* [EXERCISE INSTRUCTIONS]: Set down the data below from its first line to the line holding "Limoncello Spritz Cocktail", inclusive; omit all pictures.

Data excerpts
Start of Block

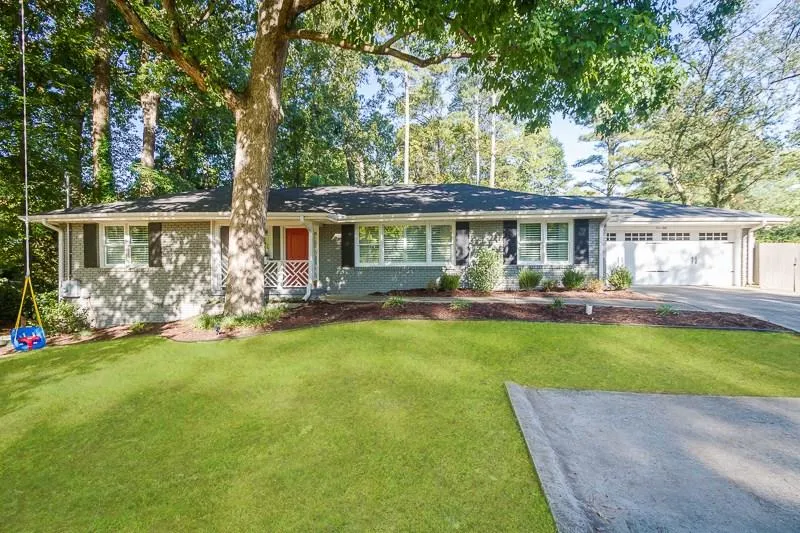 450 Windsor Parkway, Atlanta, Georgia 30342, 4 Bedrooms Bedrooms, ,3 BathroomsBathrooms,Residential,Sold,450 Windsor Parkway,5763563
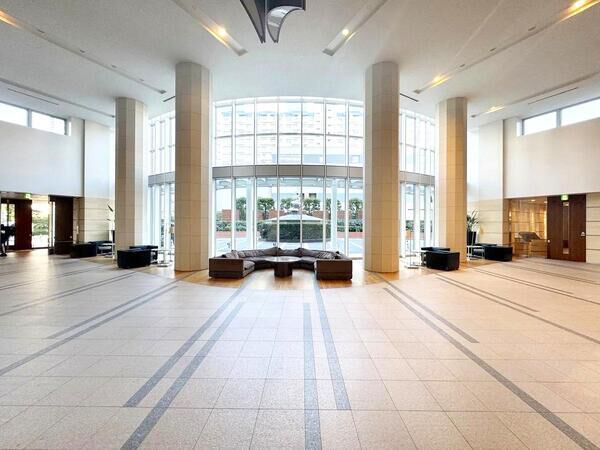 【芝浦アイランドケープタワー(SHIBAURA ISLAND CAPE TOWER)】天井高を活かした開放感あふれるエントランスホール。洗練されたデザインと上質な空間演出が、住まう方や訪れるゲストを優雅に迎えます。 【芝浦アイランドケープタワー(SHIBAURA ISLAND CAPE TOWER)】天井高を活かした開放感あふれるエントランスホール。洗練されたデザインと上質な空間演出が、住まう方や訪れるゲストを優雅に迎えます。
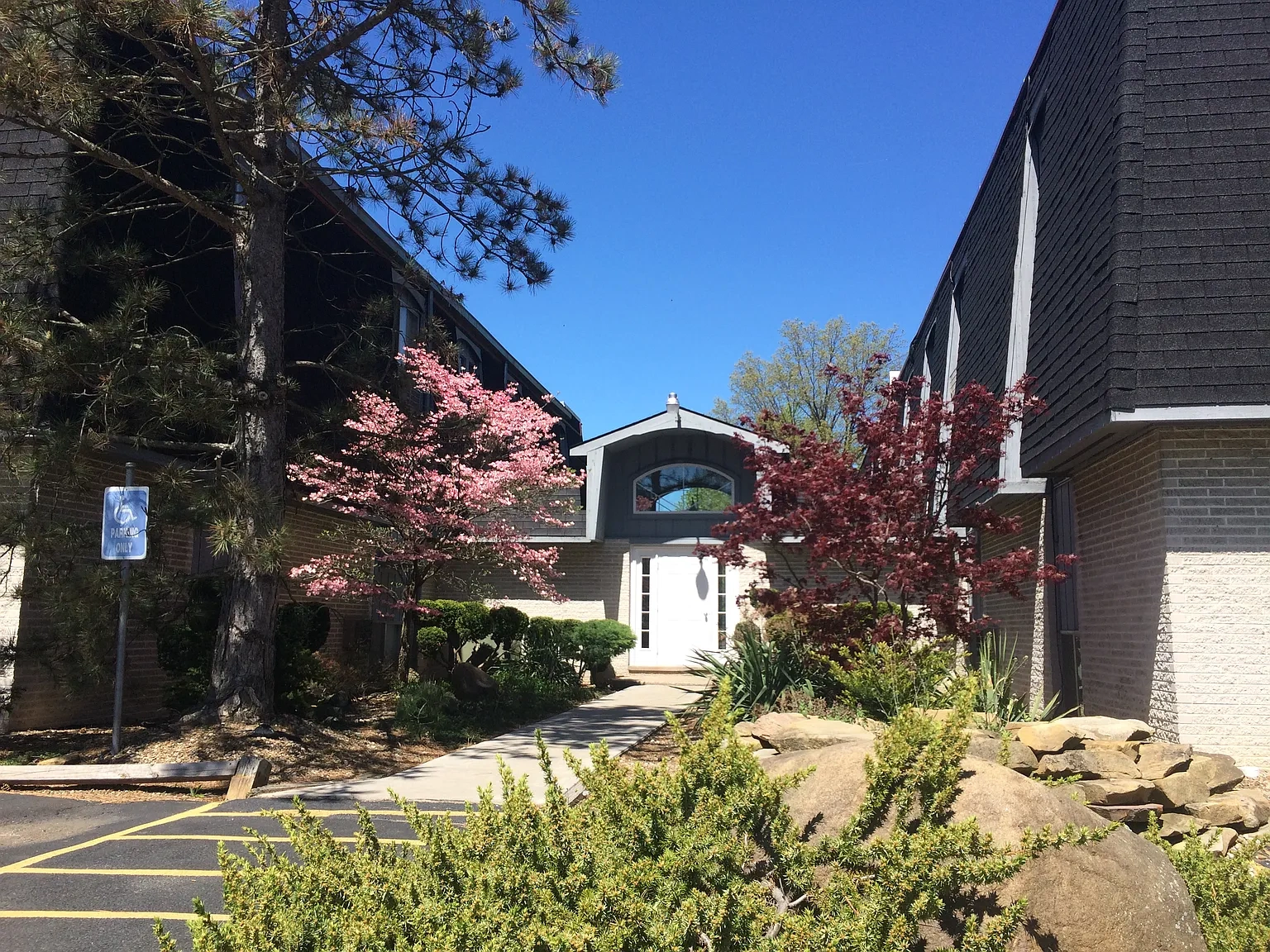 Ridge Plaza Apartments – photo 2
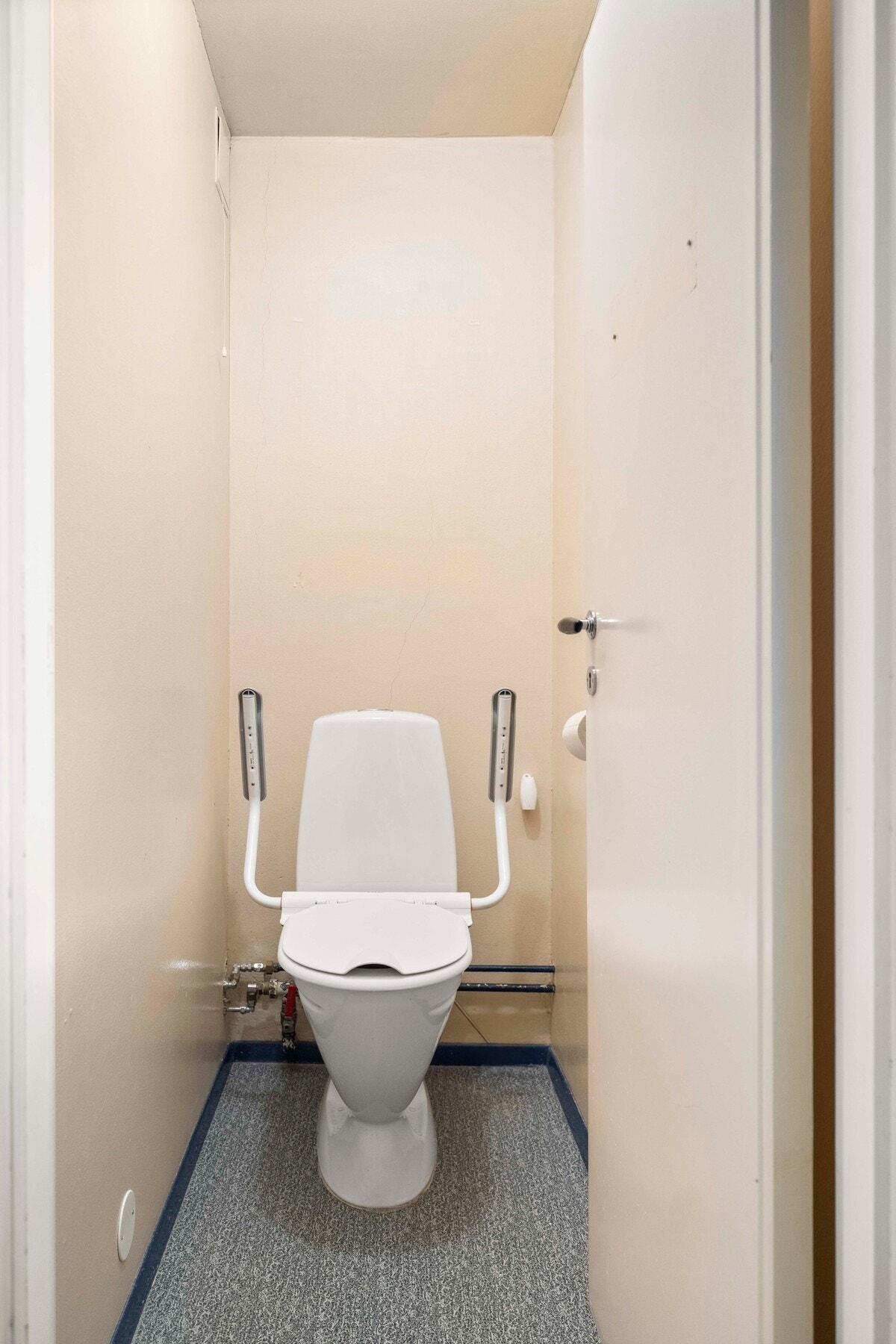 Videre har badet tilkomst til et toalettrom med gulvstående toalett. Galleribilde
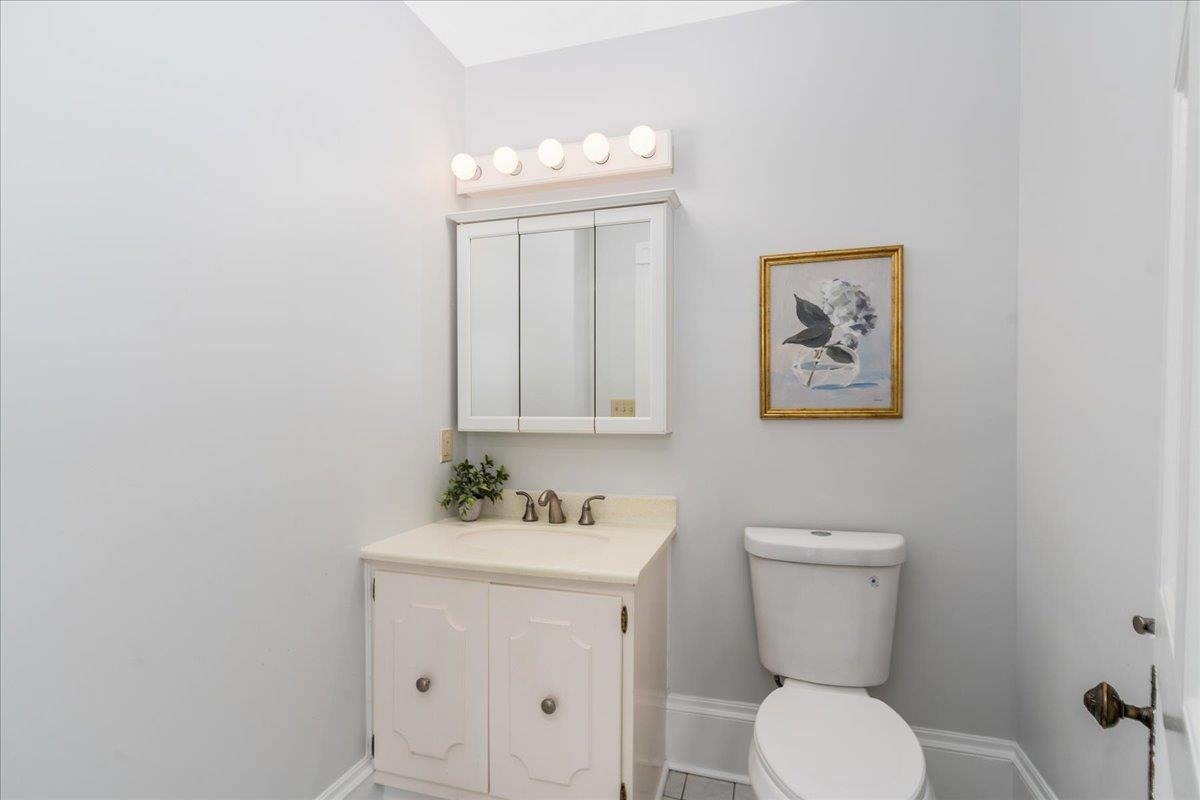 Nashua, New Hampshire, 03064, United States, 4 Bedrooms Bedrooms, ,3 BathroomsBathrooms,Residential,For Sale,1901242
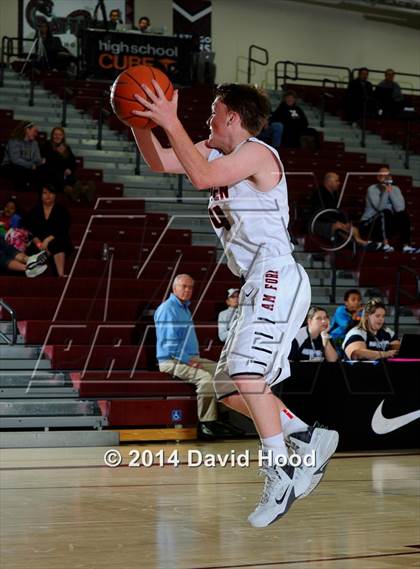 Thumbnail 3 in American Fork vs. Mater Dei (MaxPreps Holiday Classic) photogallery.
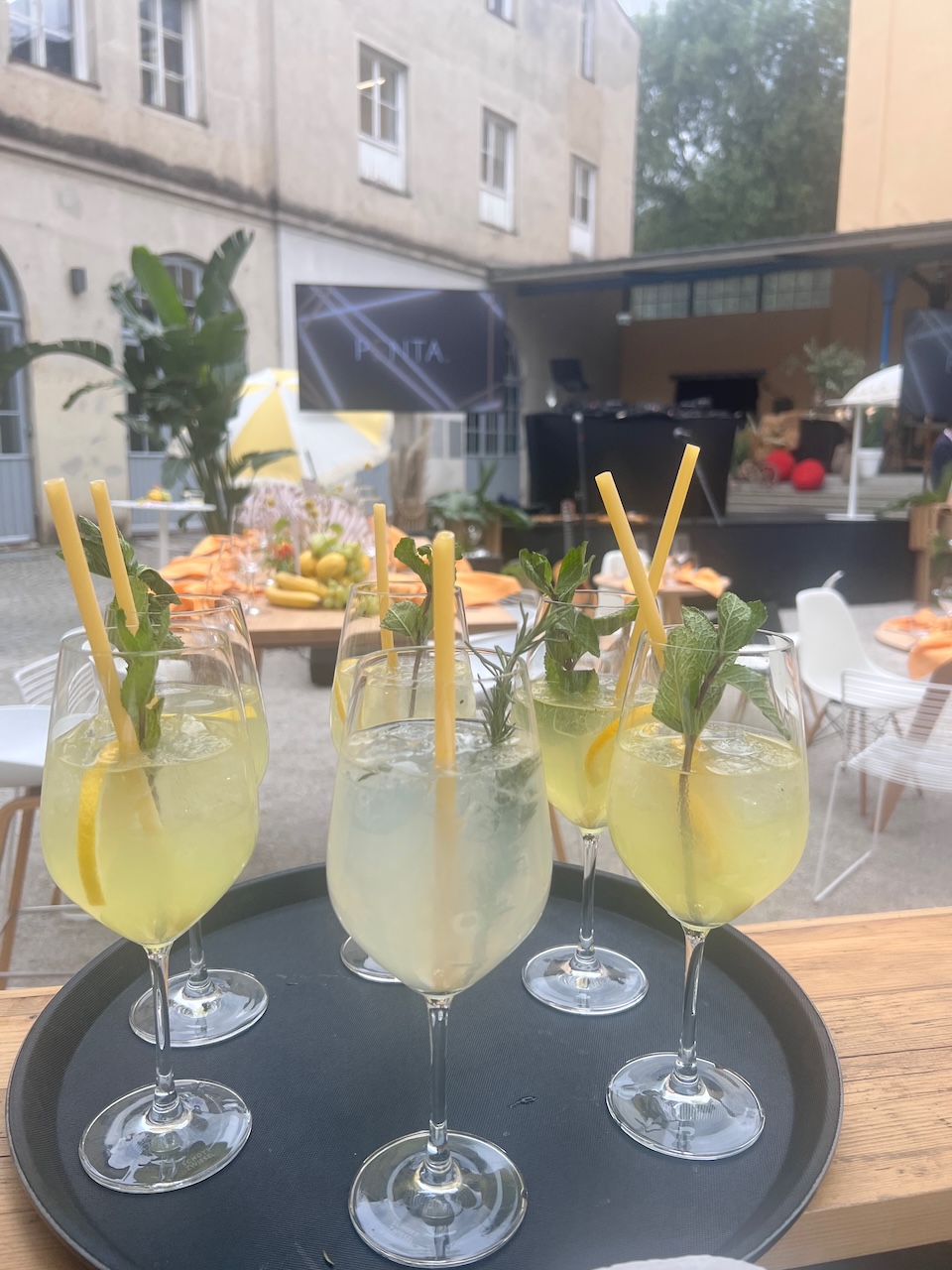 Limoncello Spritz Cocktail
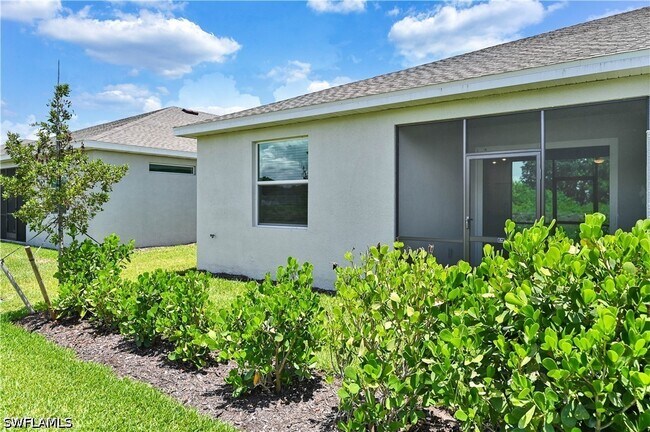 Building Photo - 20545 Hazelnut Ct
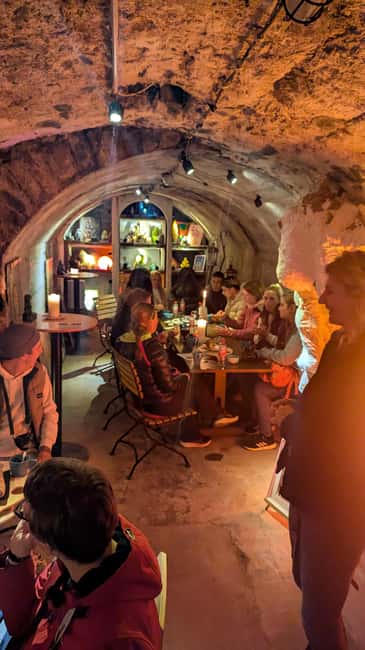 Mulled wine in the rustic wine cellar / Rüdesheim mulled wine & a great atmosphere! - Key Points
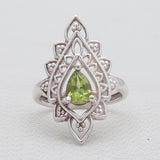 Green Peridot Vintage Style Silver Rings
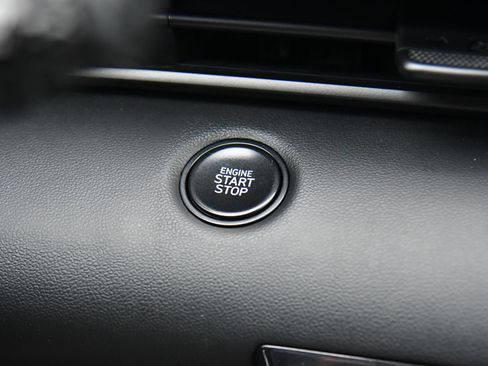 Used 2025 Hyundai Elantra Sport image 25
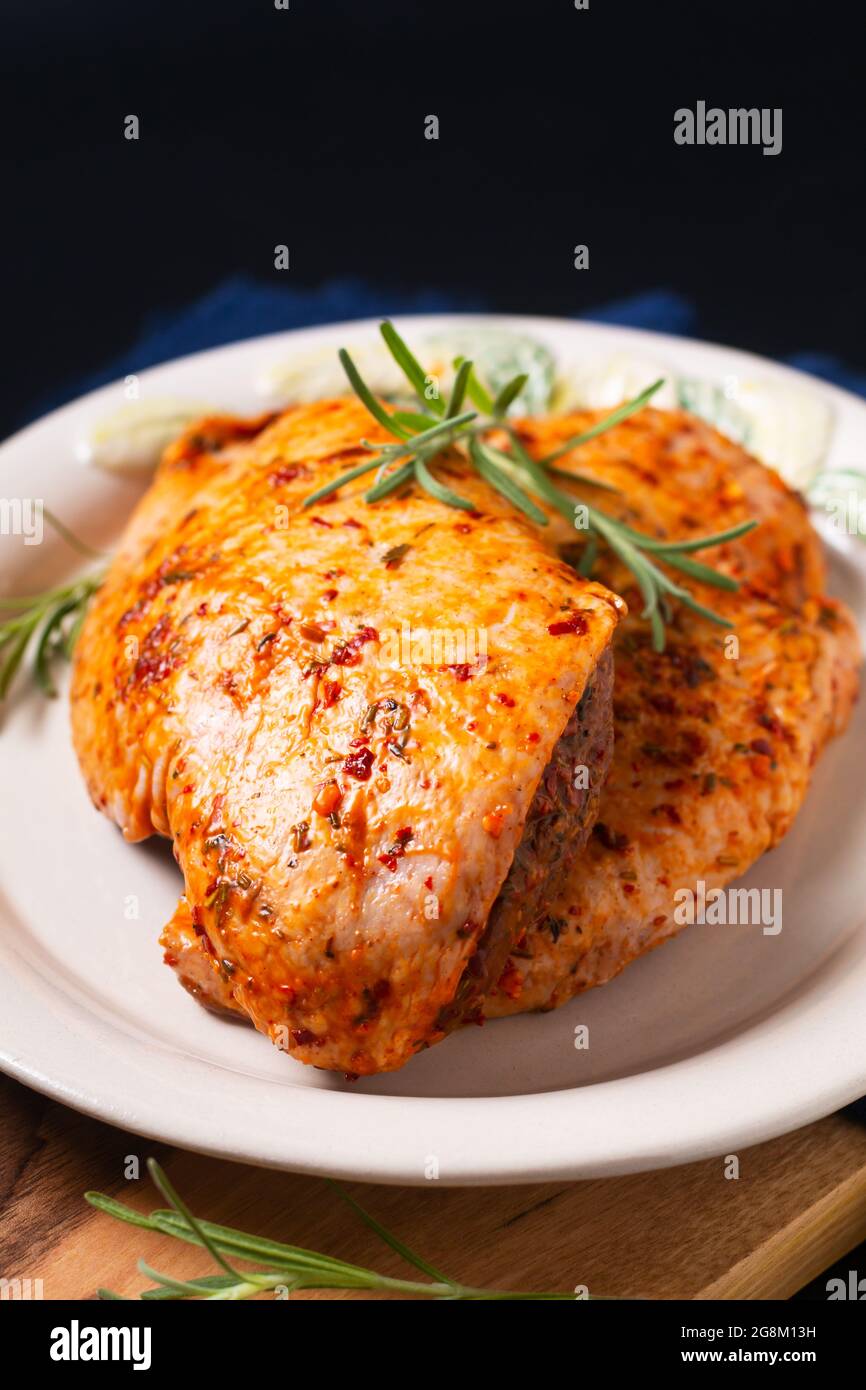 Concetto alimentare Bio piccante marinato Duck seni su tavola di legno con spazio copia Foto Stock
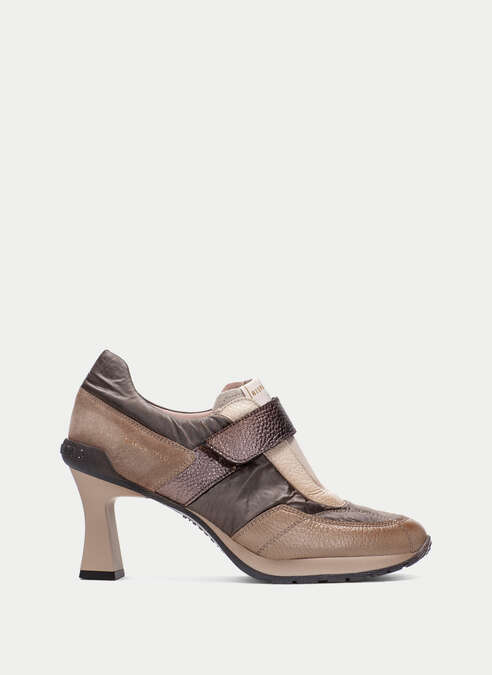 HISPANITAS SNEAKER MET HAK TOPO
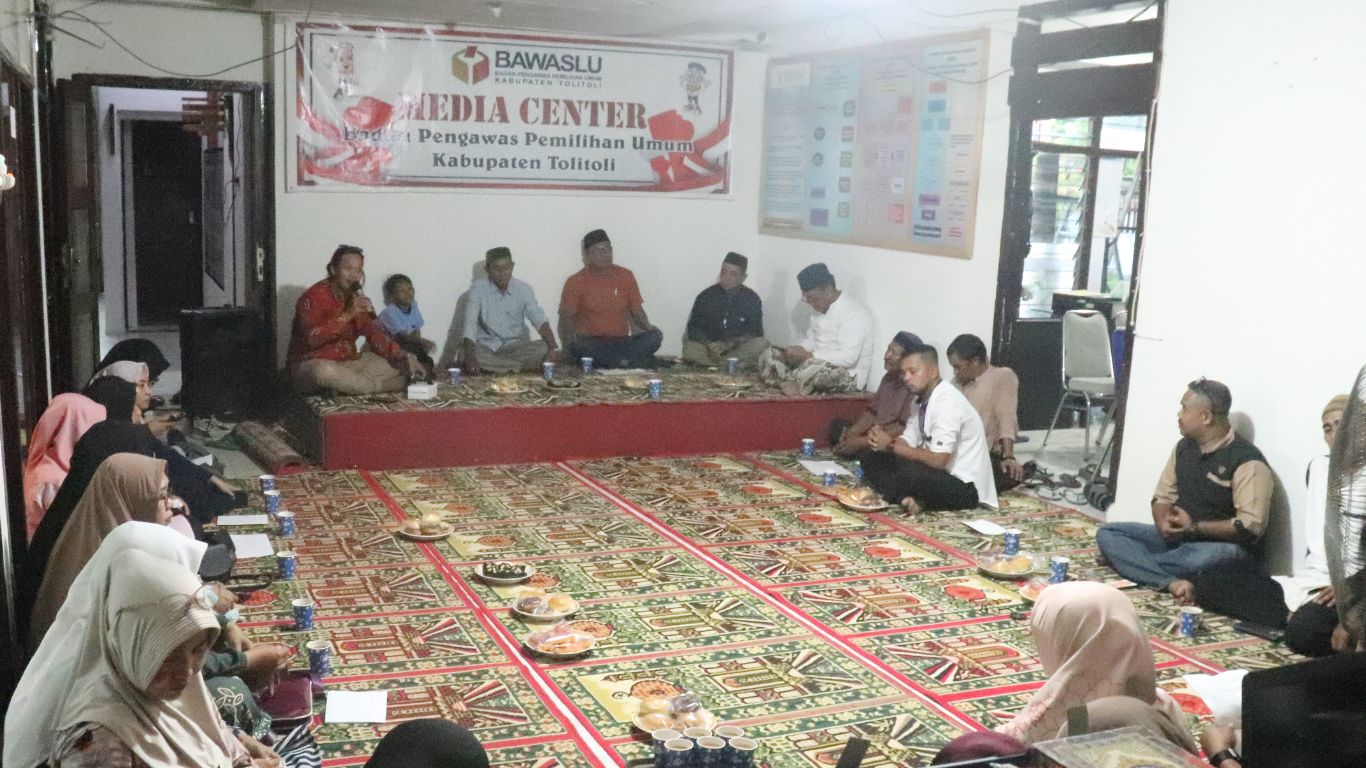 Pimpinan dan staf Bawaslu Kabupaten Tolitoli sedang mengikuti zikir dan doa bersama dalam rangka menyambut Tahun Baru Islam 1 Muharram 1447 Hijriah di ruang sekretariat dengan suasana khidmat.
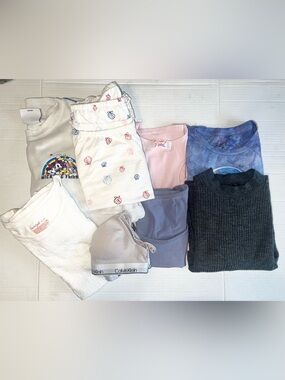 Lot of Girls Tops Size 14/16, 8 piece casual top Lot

End of Block

* [SOLUTION TO THIS EXERCISE]:
 450 Windsor Parkway, Atlanta, Georgia 30342, 4 Bedrooms Bedrooms, ,3 BathroomsBathrooms,Residential,Sold,450 Windsor Parkway,5763563
 【芝浦アイランドケープタワー(SHIBAURA ISLAND CAPE TOWER)】天井高を活かした開放感あふれるエントランスホール。洗練されたデザインと上質な空間演出が、住まう方や訪れるゲストを優雅に迎えます。 【芝浦アイランドケープタワー(SHIBAURA ISLAND CAPE TOWER)】天井高を活かした開放感あふれるエントランスホール。洗練されたデザインと上質な空間演出が、住まう方や訪れるゲストを優雅に迎えます。
 Ridge Plaza Apartments – photo 2
 Videre har badet tilkomst til et toalettrom med gulvstående toalett. Galleribilde
 Nashua, New Hampshire, 03064, United States, 4 Bedrooms Bedrooms, ,3 BathroomsBathrooms,Residential,For Sale,1901242
 Thumbnail 3 in American Fork vs. Mater Dei (MaxPreps Holiday Classic) photogallery.
 Limoncello Spritz Cocktail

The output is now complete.